Task goal:
Please set down each of the lines below once more, exactly, omitting all pictures.

::::

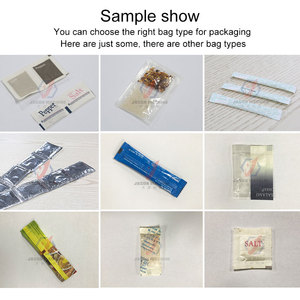 <span class=keywords><strong>Paquet</strong></span> <span class=keywords><strong>de</strong></span> sachets automatique mini petit bâton <span class=keywords><strong>de</strong></span> café <span class=keywords><strong>sucre</strong></span> le moins cher machine à emballer 5g <span class=keywords><strong>prix</strong></span> fabricants - Product Image 2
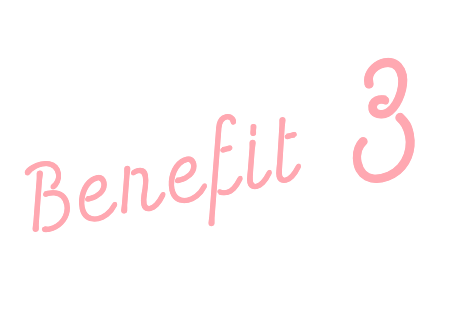 Benefit 3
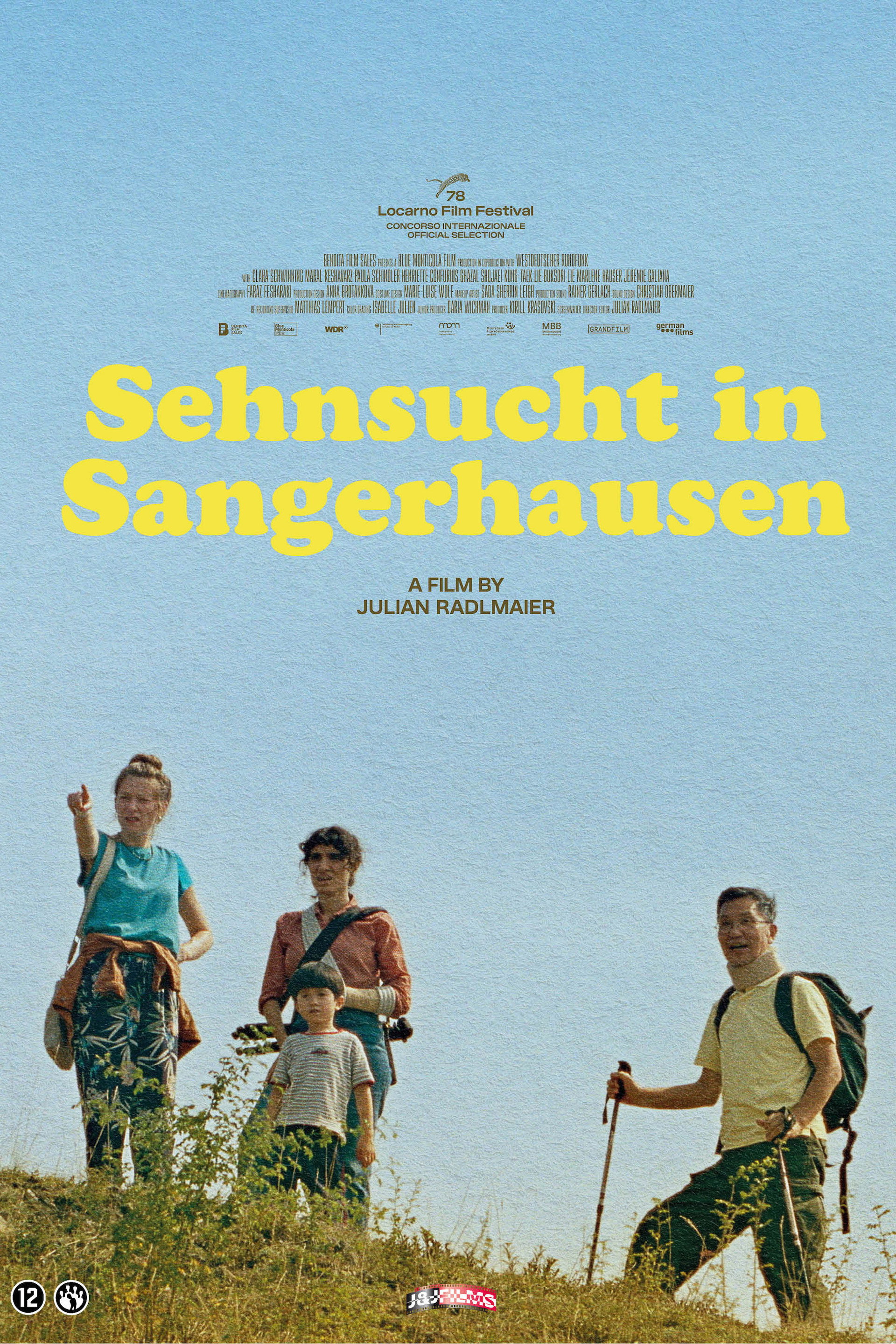 Sehnsucht in Sangerhausen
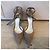 ALEXANDRE BIRMAN Tacchi T.EU 39.5 Camoscio Beige - vista 3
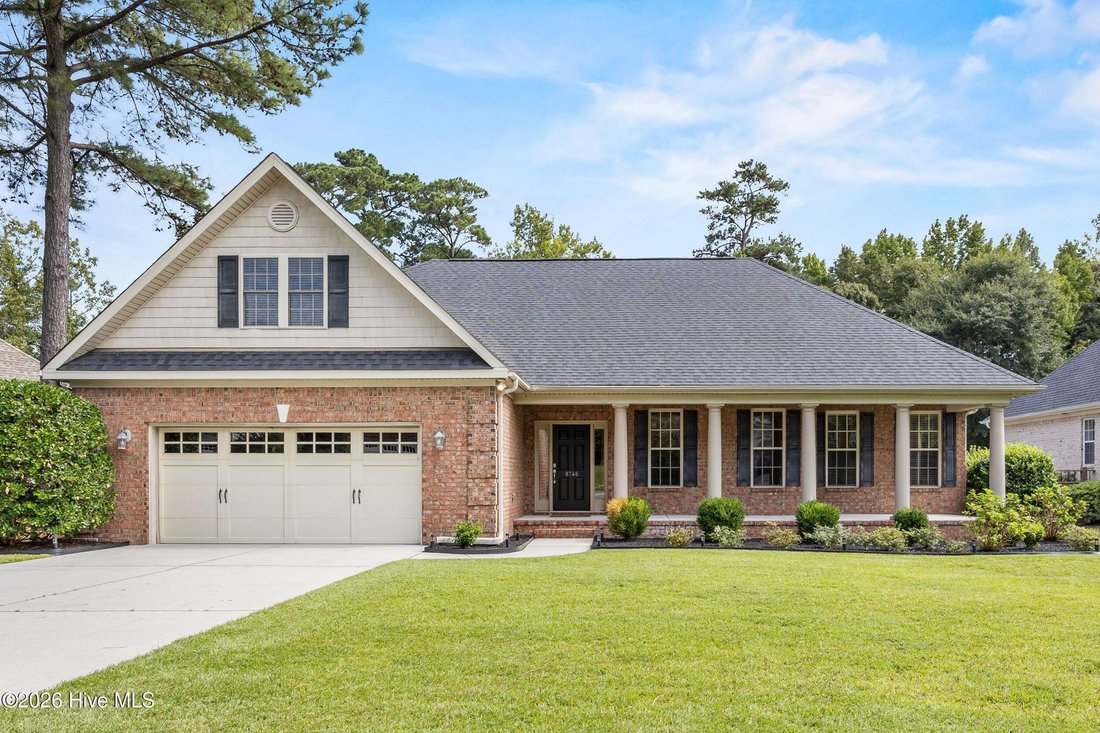 House in Wilmington, North Carolina, United States 1 - 18988683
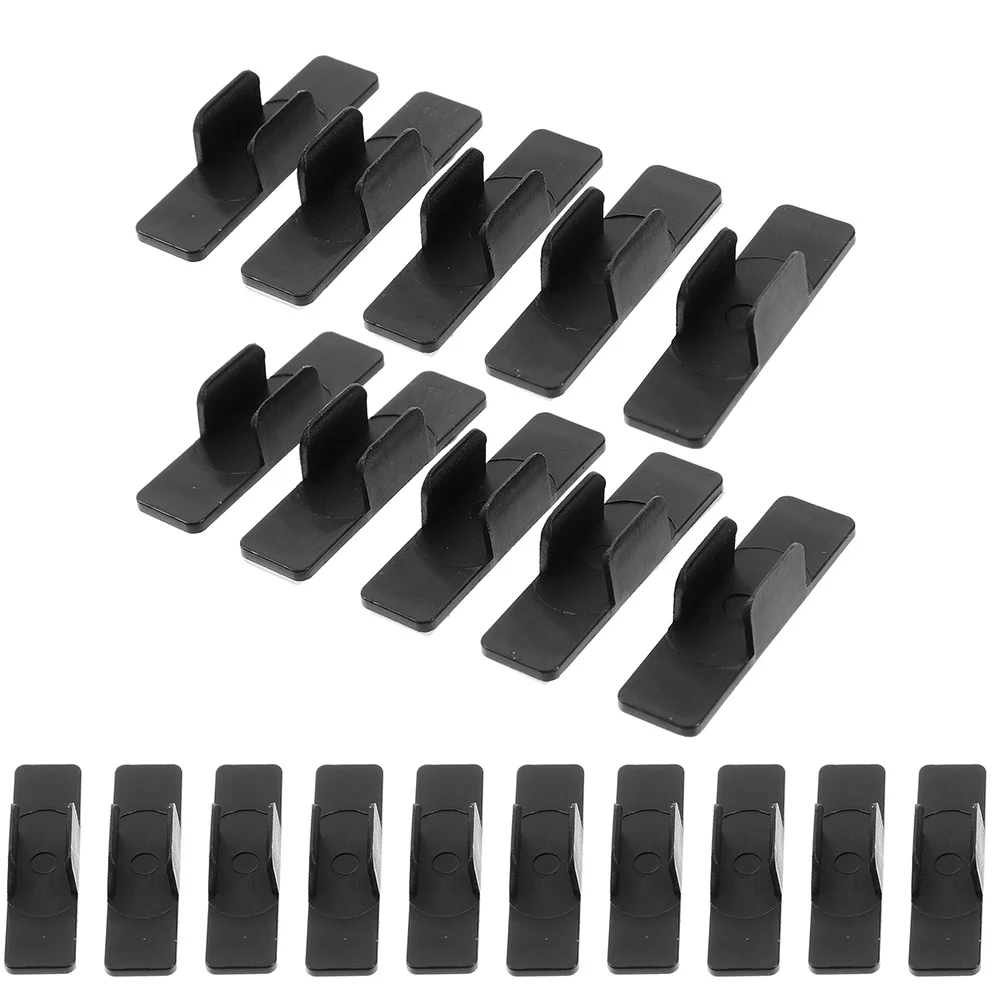 

Office Marker Holder Pen Holders Whiteboard Pen Clips Pen Fixing Clamps Pen Holder For Wall for Office Blackboard School
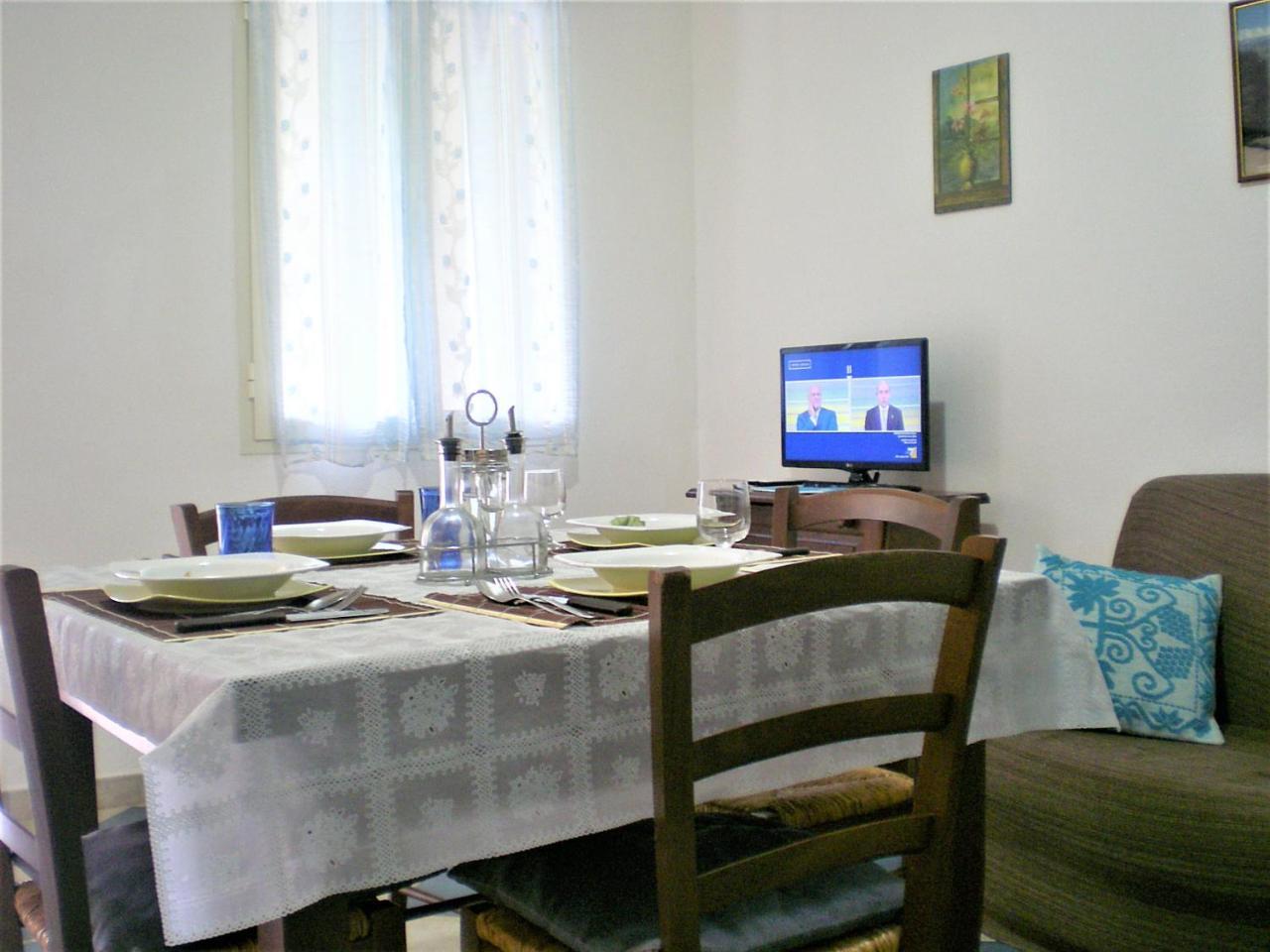 Residenza Marina Apartment Orosei Exterior photo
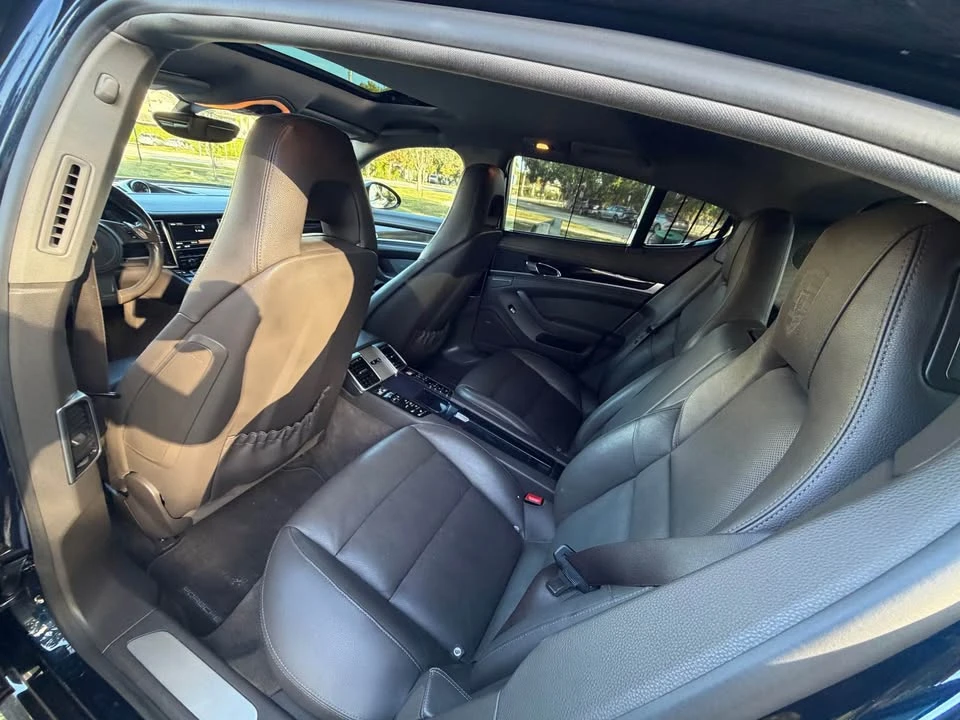 2016 Porsche 970 Panamera - Image 4 of 11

::::

Solution for this problem:
 <span class=keywords><strong>Paquet</strong></span> <span class=keywords><strong>de</strong></span> sachets automatique mini petit bâton <span class=keywords><strong>de</strong></span> café <span class=keywords><strong>sucre</strong></span> le moins cher machine à emballer 5g <span class=keywords><strong>prix</strong></span> fabricants - Product Image 2
 Benefit 3
 Sehnsucht in Sangerhausen
 ALEXANDRE BIRMAN Tacchi T.EU 39.5 Camoscio Beige - vista 3
 House in Wilmington, North Carolina, United States 1 - 18988683

Office Marker Holder Pen Holders Whiteboard Pen Clips Pen Fixing Clamps Pen Holder For Wall for Office Blackboard School
 Residenza Marina Apartment Orosei Exterior photo
 2016 Porsche 970 Panamera - Image 4 of 11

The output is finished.